His reasoning was that it’s one thing for a public vote to award him an accolade, or for sports writers to gather in a huddle and determine that best player, but it was receiving an award from his peers that meant most. His fellow professionals, he mused, knew what it took to make it to the top, and the work involved. To be recognised by his peers was the pinnacle of professional pride.
Dale Stephens, en route to Burnley after six years at Brighton, is another player recognised by his peers. And yet it was at his own club where he was mercilessly, relentlessly and misguidedly unappreciated by a sizeable – maybe even the majority – proportion of supporters.
“He only ever goes backwards or sideways” was the constant, and provably mistaken grumble. “He doesn’t add anything to the game…” “He always gives the ball away…”
So little was he appreciated that he never once made it onto the shortlist for Player of the Season at Brighton, and yet twice he made it into the Top 15 for PFA Championship Player of the Season. This includes the season his midfield partner, Beram Kayal won Brighton Player of the Season in 2016. While we as fans voted for the Israeli, Stephens was considered the sixth best player in the division (and Brighton’s best) by fellow professionals. His peers knew and understood.
Not every voice in the Brighton crowd was a dissenting one, of course not. Many could see his worth, and those who didn’t soon realised it when he was dropped or suspended. A Dale Stephens-shaped hole in the middle of midfield is a difficult one to fill. And so back he came, filled the space, and the grumbles would fire up again.
There were those who, when newly-promoted Burnley wanted to take Dale Stephens off our hands for £8m, who’d have driven him up there. I mean, seriously? ‘Surely this bid was too good for Brighton to turn down?’ There were even those who assumed that, because of this bid, Stephens wanted to go. Words fail me.

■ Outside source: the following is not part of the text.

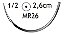 Pgcl Fio Poliglecaprone Nº 2-0 70 Cm 1/2 R 2,6 Cm Caixa Com 24 Unidades - Bioline - Imagem 5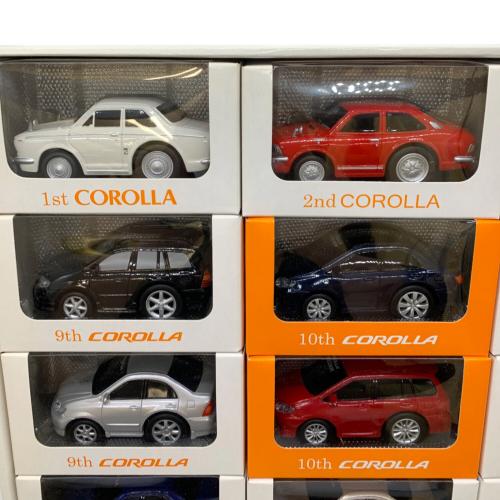 トヨタ カローラ プルバック ミニカーセット 2006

Wiser and calmer heads prevailed. If Tony Bloom doesn’t want to sell, he won’t sell. Burnley had put £8m on the table. But what is £8m ‘now’ compared to ‘£150m a year’ later? Tony knew that by rejecting the bid, and keeping Stephens, he would vastly increase his chances of achieving the dream of promotion to the Premier League. More importantly, his absence would have severely scuppered it. One thing anyone learns is playing a game of bluff against The Lizard King rarely pays off.
While that £8m looks a pitiful bid now, if anyone wants to debate the merits of £1.5m in 2020, versus £8m in 2016 – I’ll point you to the massive part he played in securing hundreds of millions for the Albion, by being a huge part in a major success on the pitch for the club. His exit in 2016 would almost certainly have been seen as poor a decision as Glenn Murray’s exit in 2011. Yeah, that bad.

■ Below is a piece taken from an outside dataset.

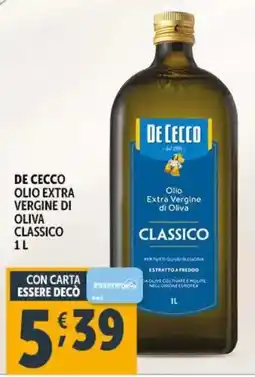Deco Supermercati De cecco olio extra vergine di oliva classico offerta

And so it proved. Dale Stephens, through both the promotion years (under old promotion rules, Brighton would have been promoted a year earlier), was in the middle of everything good. The formidable midfield partnerships ‘Stephens / Kayal’, ‘Stephens / Sidwell’, and later ‘Stephens / Propper’ were all so much weaker if you’d have taken ‘Stephens’ out of the equation.
He put in some stellar performances in the Premier League too – the most notable being the home win over Arsenal in 2018/19.

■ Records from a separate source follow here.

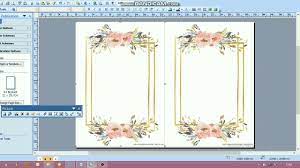 Buat anda yang belum mengetahuinya silahkan anda simak pada buka lembar aplikasi microsoft word dari laptop atau komputer anda versi word yang digunakan bisa menggunakan semua versi, baik word 2007, 2010. Cara Membuat Undangan Pernikahan Menggunakan Microsoft Publisher 2007 Youtube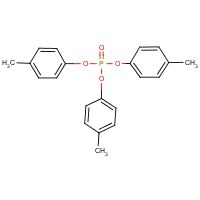 Tri-p-cresyl phosphate formula graphical representation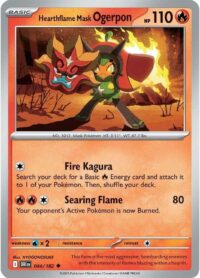 Hearthflame Mask Ogerpon - 044/182 - Uncommon - Inglés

He leaves the Brighton midfield in a far better shape than he found it, and that is in no small part to his style of play, his leadership and his tenacity in the stripes. He was, on more than one occasion, also asked to captain the team – a role he fulfilled as though he was born to it. He would have played this role more often – if Bruno and Dunk hadn’t been ahead of him in the queue.
In his place is a younger, more agile, differently-versed midfield – one with guile and speed, as well as that same energy, skill and bite. And it is a midfield which Stephens has done more than his bit to help craft. So much has he raised the bar of understanding what’s required that, in those six years, I’d be inclined to consider him alongside Brian Horton, Danny Wilson and Jimmy Case as our best leader-midfielders ever.
It’s quite right that people should feel a sense of nostalgia for something incredible that happened to our club just three and a half years ago, and that that ‘incredible something’ has all but been dispersed – though thankfully for something better in its place. Knockaert’s loan, then sale to Fulham; Bruno’s retirement; Duffy to Celtic; Murphy and Goldson to Rangers and so on.
But for me, Stephens’ exit is the sad one, albeit probably the right one. It’s not that it’s only March and Dunk left. It’s that, in Dale Stephens, we had one of the best midfielders in one of the best Brighton teams in this time or any other. And I mean that whether going forwards, backwards or sideways. But mostly – upwards.
Thank you for everything Dale. We wish you a tiny amount of success at Burnley.